The Rushden Echo and Argus, 14th March, 1947, transcribed by Gill Hollis
They Started for Rushden - “E.T.” Explorers Only Reached Finedon
By Tony Amundsen
For the first time in the history of the “Evening Telegraph,” we were forced last Thursday to deliver some of the papers by sledge, which is why some Finedon folk got damp and dog-eared copies.
But here is the story of an epic expedition which pushed through a stretch of road which even a bulldozer had failed to clear.
It all began on the night of the fifth, as the Inspector always says in detective novels, while we were in bed dreaming of summer days, ice cream tooti-frootis and swimming at Overstone Solarium.
As we were thus occupied, the blizzard took a mean advantage of us. Banging the Air Ministry’s thaw expert over the head with a couple of isobars, it crept across Northamptonshire and deposited a drift five miles long between Burton Latimer and Irthlingborough.
In the middle of it was Finedon, and no vehicle short of a Sherman tank with a jet engine on the front of it could get into Finedon or out of Finedon.
To ordinary mortals this would not have mattered much. Who wants to go to Finedon, anyway?
What the Pilot Said
But newspaper Circulation Departments are different. “Good heavens,” said our Circulation Department, “That means Finedon won’t get any papers to-night. Or Irthlingborough. Or Higham Ferrers. Or Rushden.

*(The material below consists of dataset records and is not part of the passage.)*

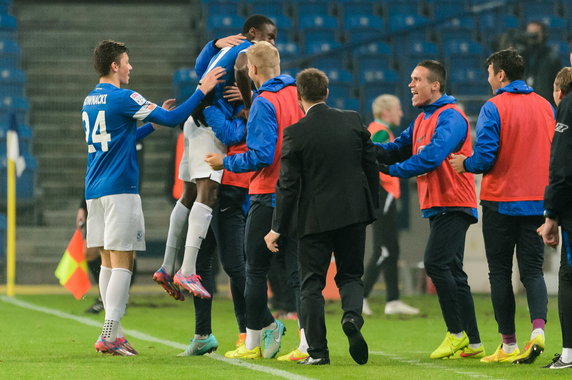 PIŁKA NOŻNA EKSTRAKLASA LECH POZNAŃ GÓRNIK ŁĘCZNA (Muhamed Keita Dawid Kownacki )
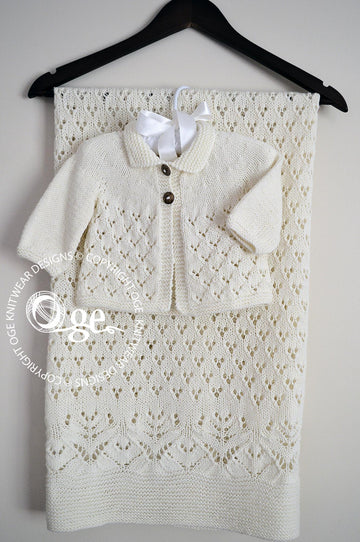 Lace and Diamond Heirloom Blanket and matching Jacket - P098
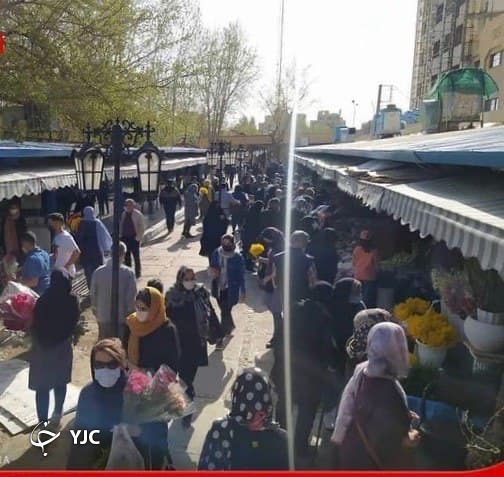 بیتوجهی به دستورالعملهای بهداشتی در بازار گل اصفهان + تصویر بیتوجهی به دستورالعملهای بهداشتی در بازار گل اصفهان + تصویر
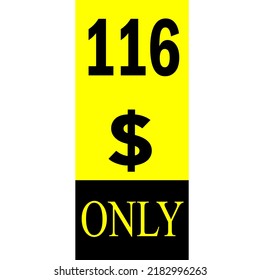 $ Dollar Only Coupon sign or Label or discount voucher Money Saving label, stamp Vector Illustration with fantastic font on yellow background
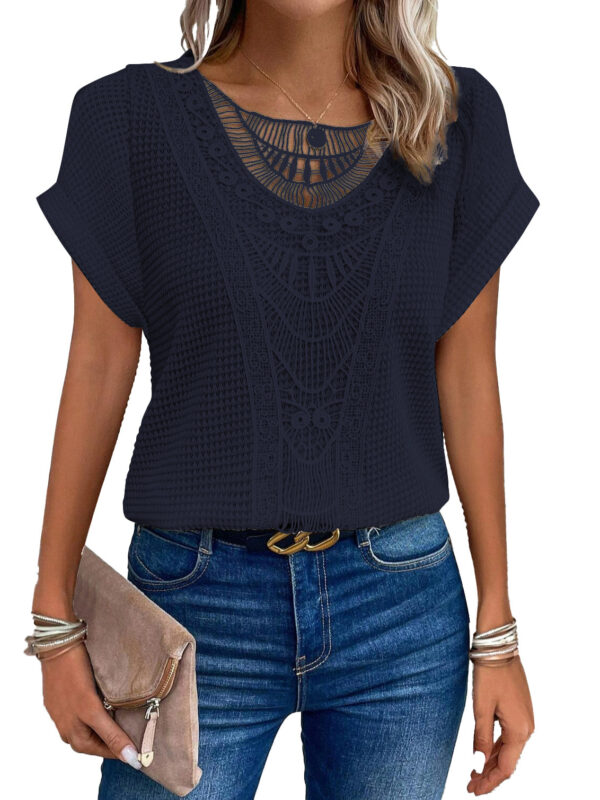 Summer Hollow Out Short-sleeved T-shirt Fashion Ethnic Style Tops Women's Clothing - Image 10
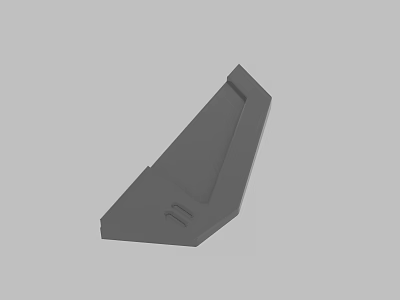 Gray Industrial Mechanical Component 3D Model Design With Sloped Surface And Grooves 3d model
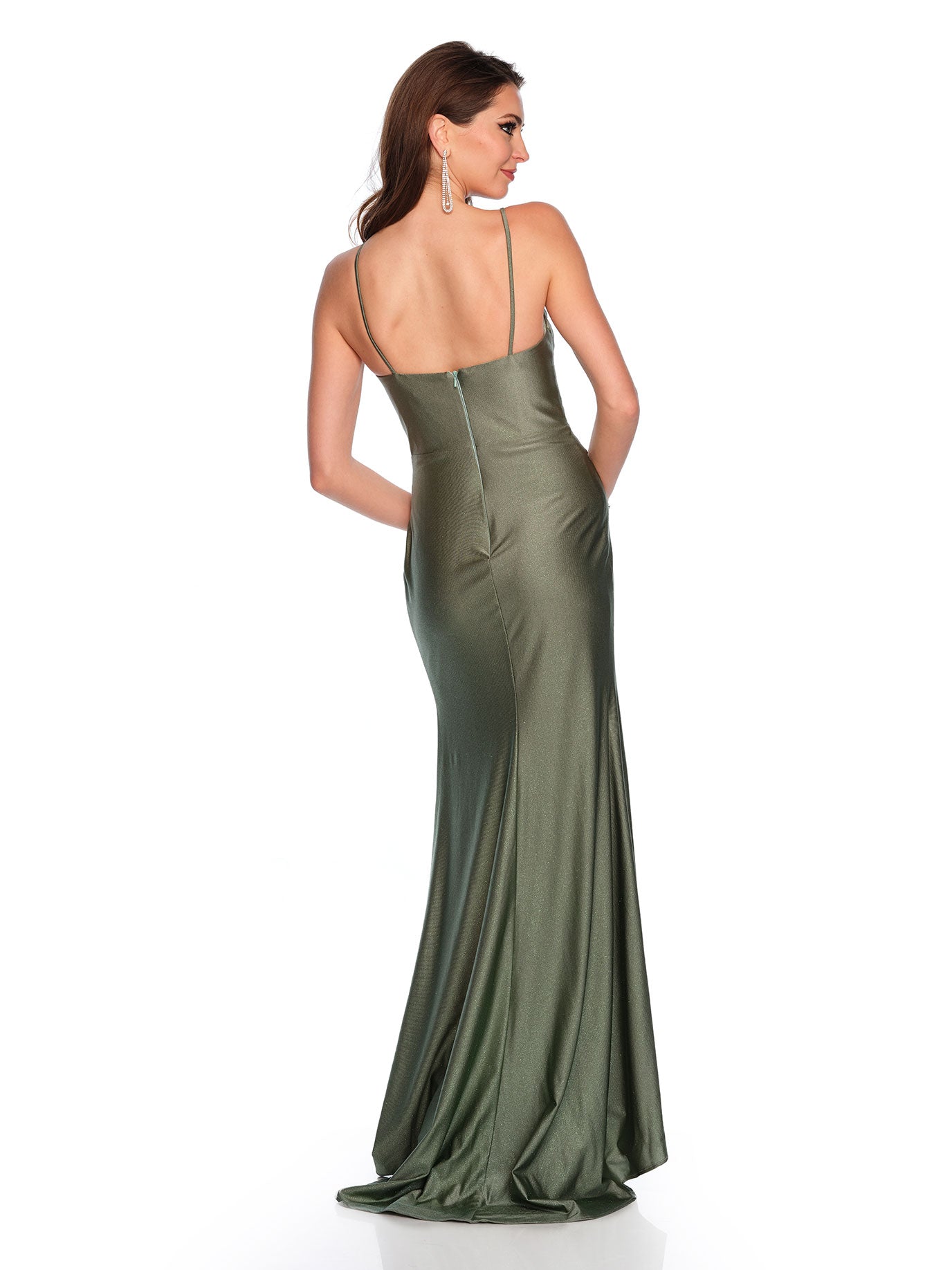 SHIMMER GOWN WITH PEEK A BOO NECKLINE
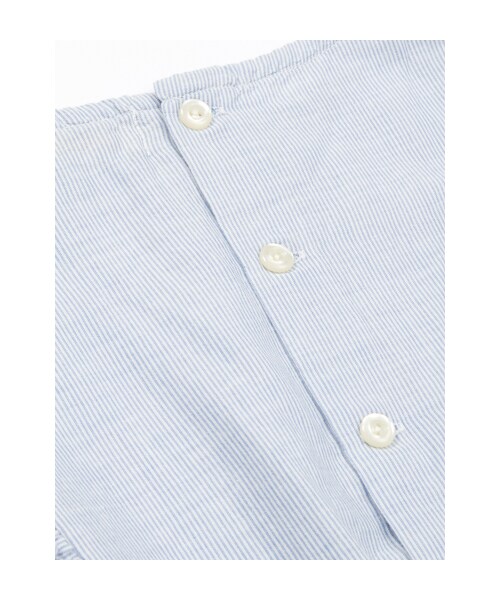 w closet（ダブルクローゼット）の「細ストライプ袖フリル付きプルオーバー（トップス・レディース・Lベージュ/ブルー/ブラック・FREE）」の9枚目の写真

We shall have to send ‘em by plane.”
So they rang up for a helicopter, but the pilot said he was sorry but look at the weather and what the helicopter was the fun of going out in blizzards?
“All right,” said the C.D. “We’ll send ‘em by sledge.” And having made this momentous decision they lit cigars and huddled closer to their electric fire (both bars on).
Now it is a well-known fact that circulation people only go out of the office on the brightest of sunny days, riding in a limousine with windows closed to exclude nasty draughts.
Part of the Epic
They whiz from Burton to Finedon in four minutes, and think a sledge negotiating five feet of snow can do likewise. But it can’t.
I can speak with authority on this, because when the sledge party started its epic (yes, I know I’ve used that word before) trek up the hill out of Burton, I was one of it.
Don’t ask me why put it down to a combination of C.D. pressgang tactics, weak good nature on my part, and lack of knowledge of exactly how many tons of snow had fallen between Burton and Finedon.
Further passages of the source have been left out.